O opositor Mohamed ElBaradei, que recém retornou ao país e se ofereceu a conduzir uma suposta transição de governo, estaria sob prisão domiciliar, segundo a CNN. Ainda não havia confirmação oficial.
ElBaradei participou durante o dia de uma oração com 2.000 pessoas numa mesquita de Guiza, na capital.
A polícia cercou o local. A rede de TV Al Jazeera chegou a relatar que ele havia sido preso, mas depois desmentiu.
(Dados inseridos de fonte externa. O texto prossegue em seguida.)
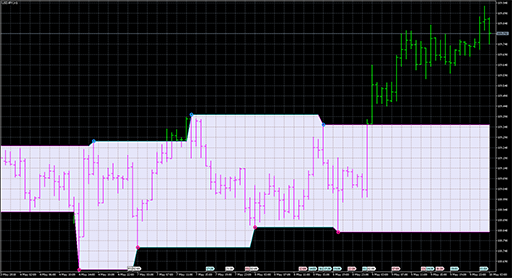 ZigZagOnParabolic_channelの表示画像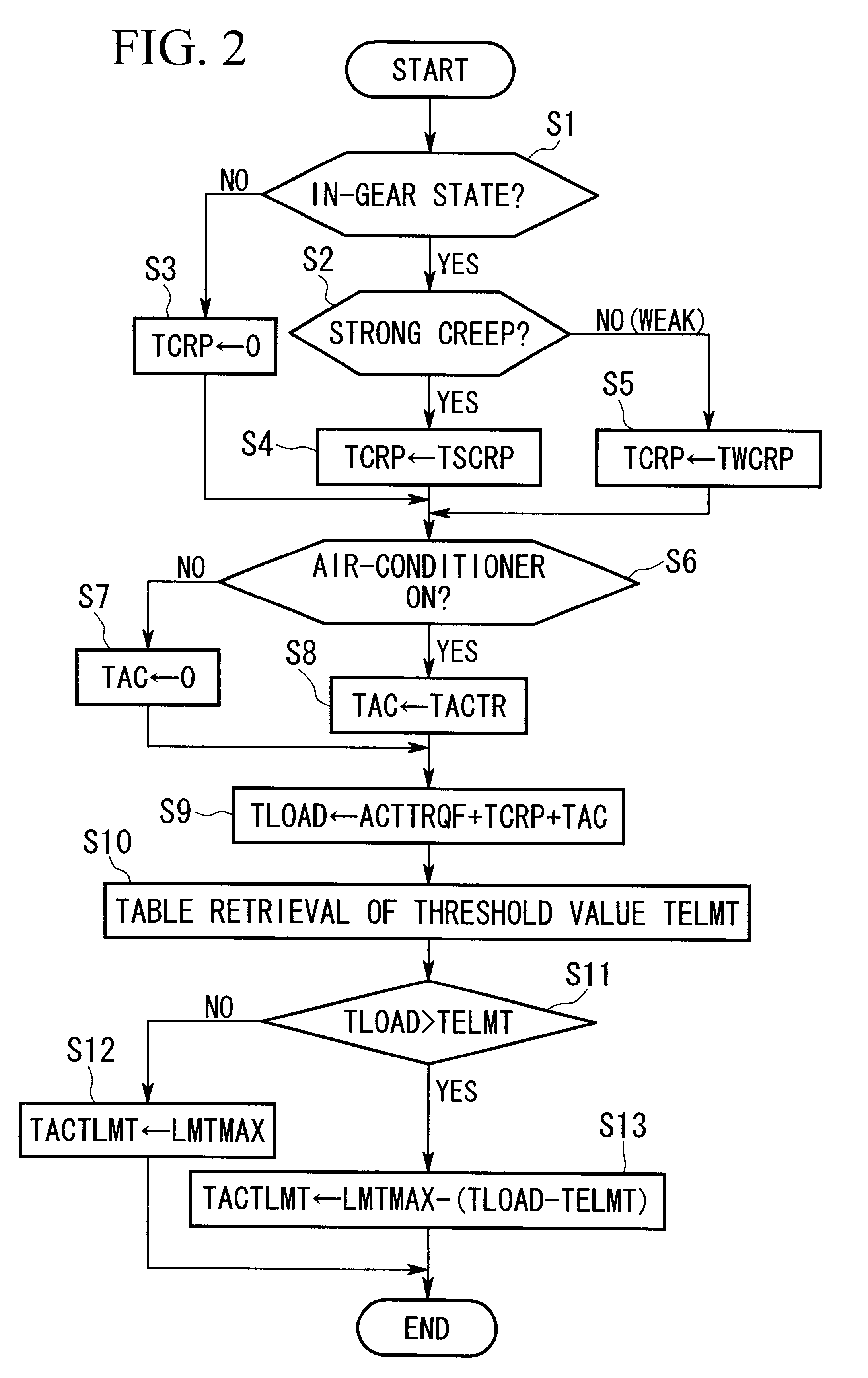Apparatus and method for controlling power generation for hybrid vehicle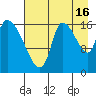 Kenai Pier tide chart for Friday, August 16, 2024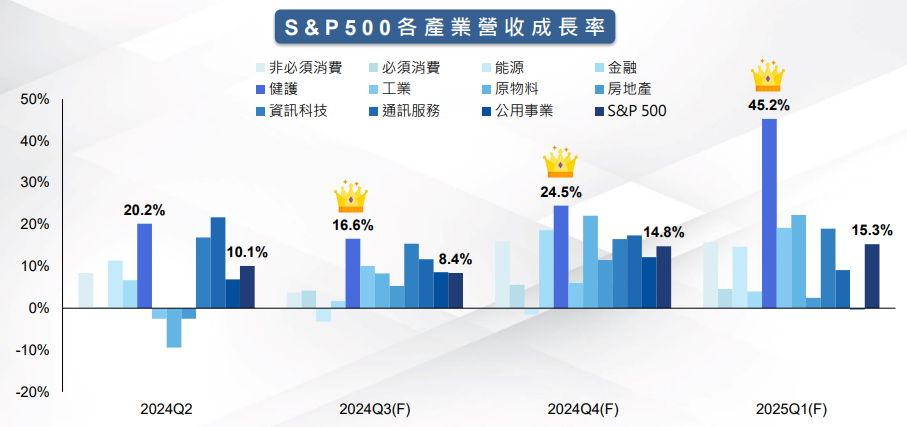 標普500各產業營收成長率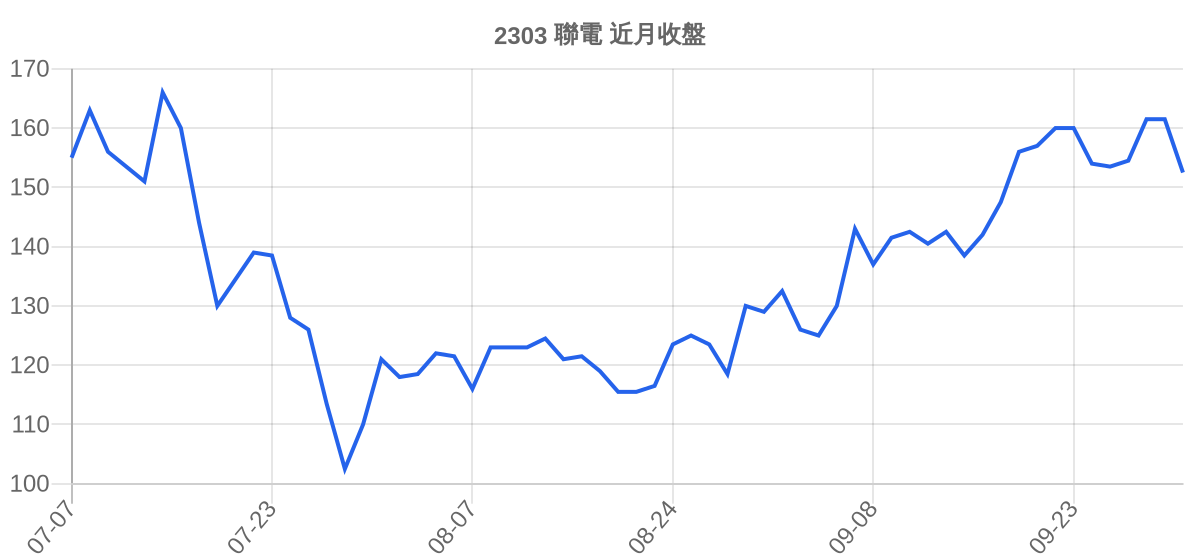 2303 聯電 近月走勢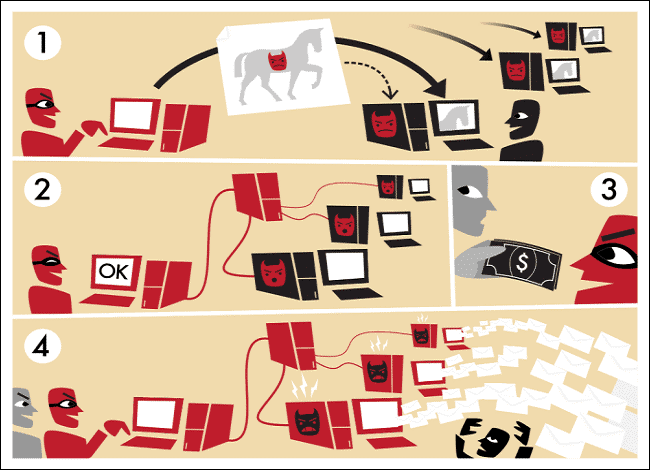 how a botnet works 01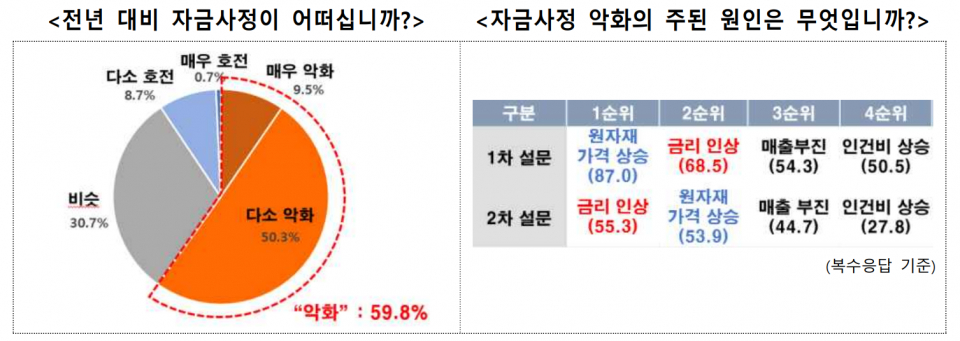 (자료=한국무역협회)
Segundo a TV, ele teria sido apenas impedido de deixar o local.
Depois, ele e seu grupo se uniram aos protestos, em uma marcha pacífica pela cidade, segundo testemunhas.
Pedido de reformas
O presidente da Comissão de Relações Exteriores da Assembleia, também membro do governista Partido Nacional Democrata no poder, pediu ao presidente egípcio Hosni Mubarak "reformas sem precedentes" para evitar uma revolução no Egito.
"Em nenhuma parte do mundo a segurança é capaz de pôr fim à revolução", afirmou Mostapha al Fekki, à TV Al Jazeera. "O presidente é a única pessoa que pode pôr fim a esses acontecimentos", disse, para depois pedir "reformas sem precedentes".